WHAT YOU ARE ASKED TO DO: Any picture in the data below should be skipped, while every line is repeated exactly.

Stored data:

* * * * *

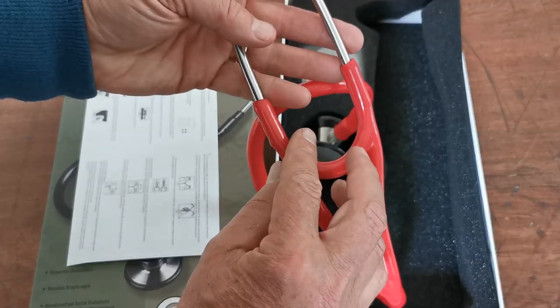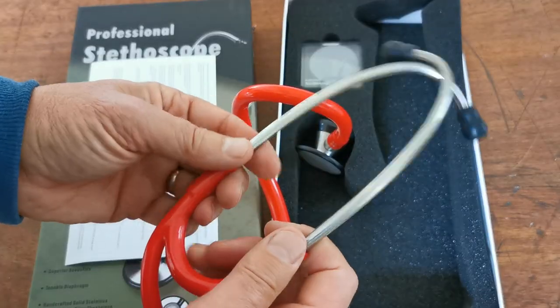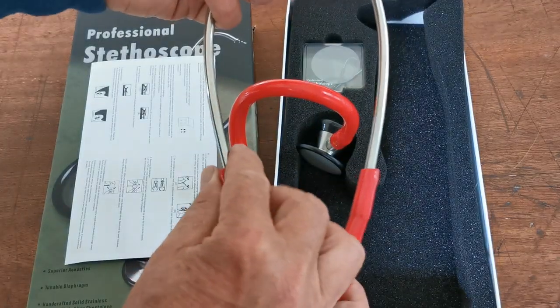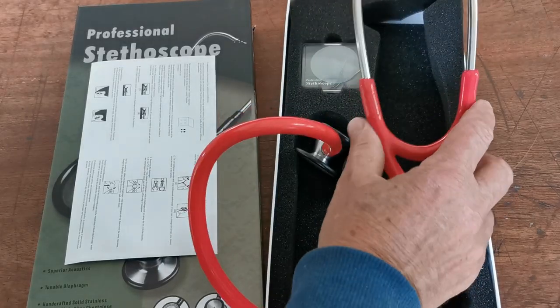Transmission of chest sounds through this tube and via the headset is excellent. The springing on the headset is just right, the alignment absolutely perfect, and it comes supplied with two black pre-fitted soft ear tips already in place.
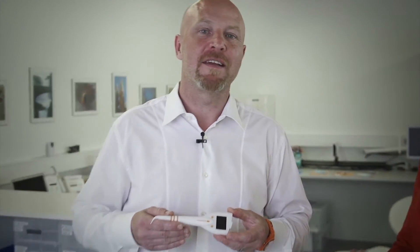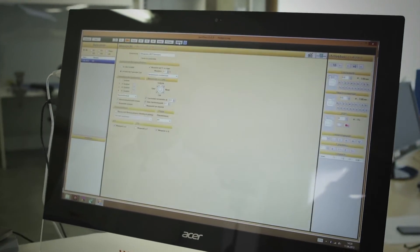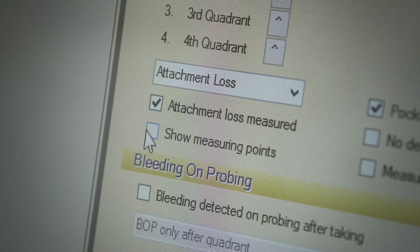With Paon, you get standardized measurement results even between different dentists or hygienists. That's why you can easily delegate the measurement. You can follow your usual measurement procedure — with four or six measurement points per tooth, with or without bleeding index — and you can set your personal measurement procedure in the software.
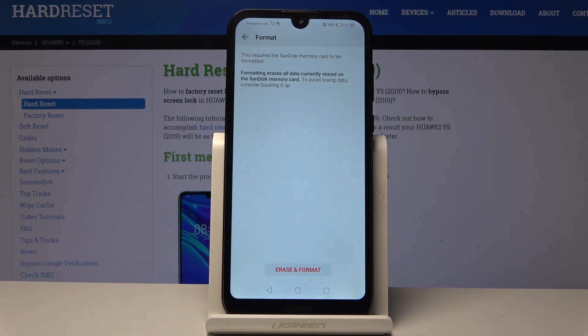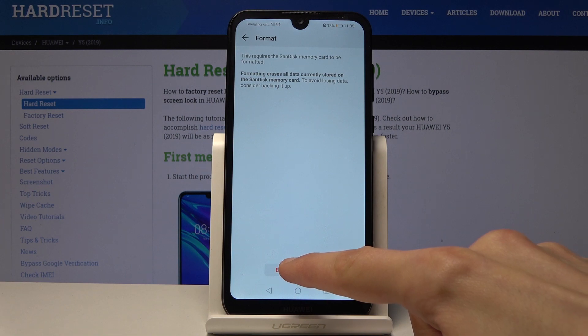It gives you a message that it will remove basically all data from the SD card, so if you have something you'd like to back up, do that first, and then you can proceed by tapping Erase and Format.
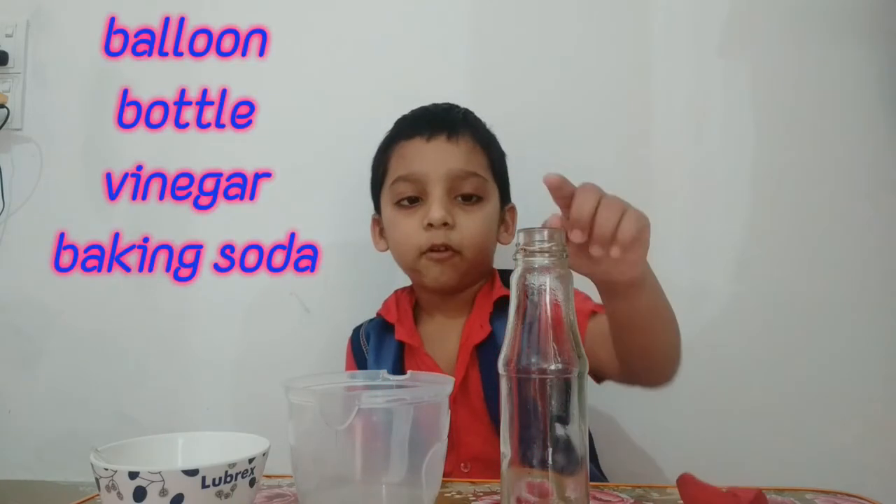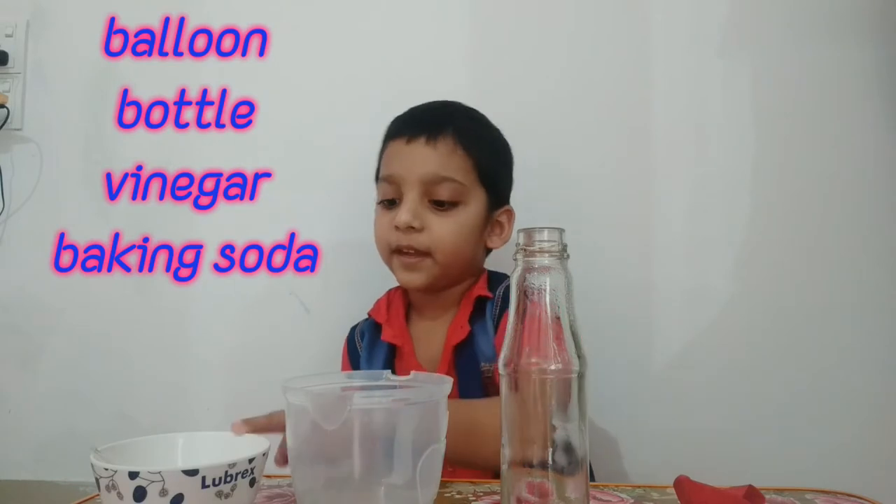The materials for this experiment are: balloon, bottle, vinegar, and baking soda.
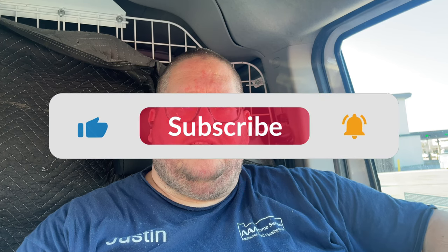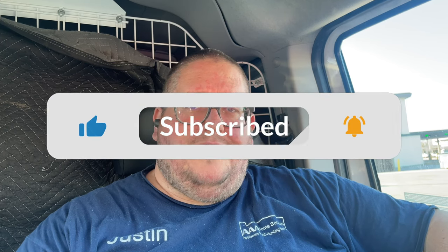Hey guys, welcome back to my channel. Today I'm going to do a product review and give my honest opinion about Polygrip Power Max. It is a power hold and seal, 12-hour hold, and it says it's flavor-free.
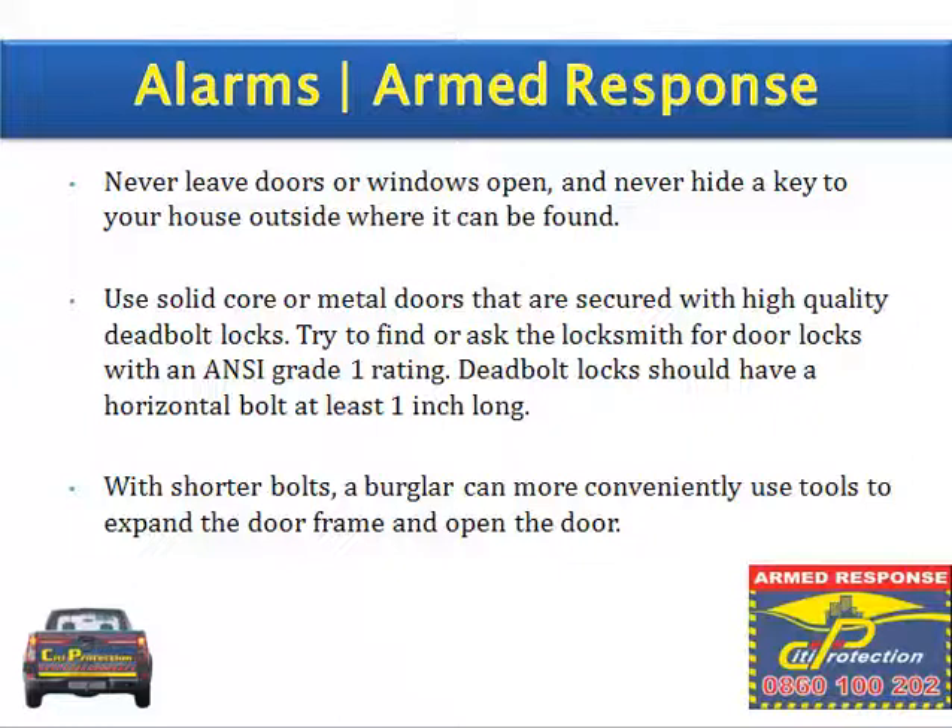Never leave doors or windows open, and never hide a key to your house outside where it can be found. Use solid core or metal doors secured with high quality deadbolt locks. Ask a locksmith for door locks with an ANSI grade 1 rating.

* * * * *

RESULT FOR THIS EXERCISE:
Transmission of chest sounds through this tube and via the headset is excellent. The springing on the headset is just right, the alignment absolutely perfect, and it comes supplied with two black pre-fitted soft ear tips already in place.
With Paon, you get standardized measurement results even between different dentists or hygienists. That's why you can easily delegate the measurement. You can follow your usual measurement procedure — with four or six measurement points per tooth, with or without bleeding index — and you can set your personal measurement procedure in the software.
It gives you a message that it will remove basically all data from the SD card, so if you have something you'd like to back up, do that first, and then you can proceed by tapping Erase and Format.
The materials for this experiment are: balloon, bottle, vinegar, and baking soda.
Hey guys, welcome back to my channel. Today I'm going to do a product review and give my honest opinion about Polygrip Power Max. It is a power hold and seal, 12-hour hold, and it says it's flavor-free.
Never leave doors or windows open, and never hide a key to your house outside where it can be found. Use solid core or metal doors secured with high quality deadbolt locks. Ask a locksmith for door locks with an ANSI grade 1 rating.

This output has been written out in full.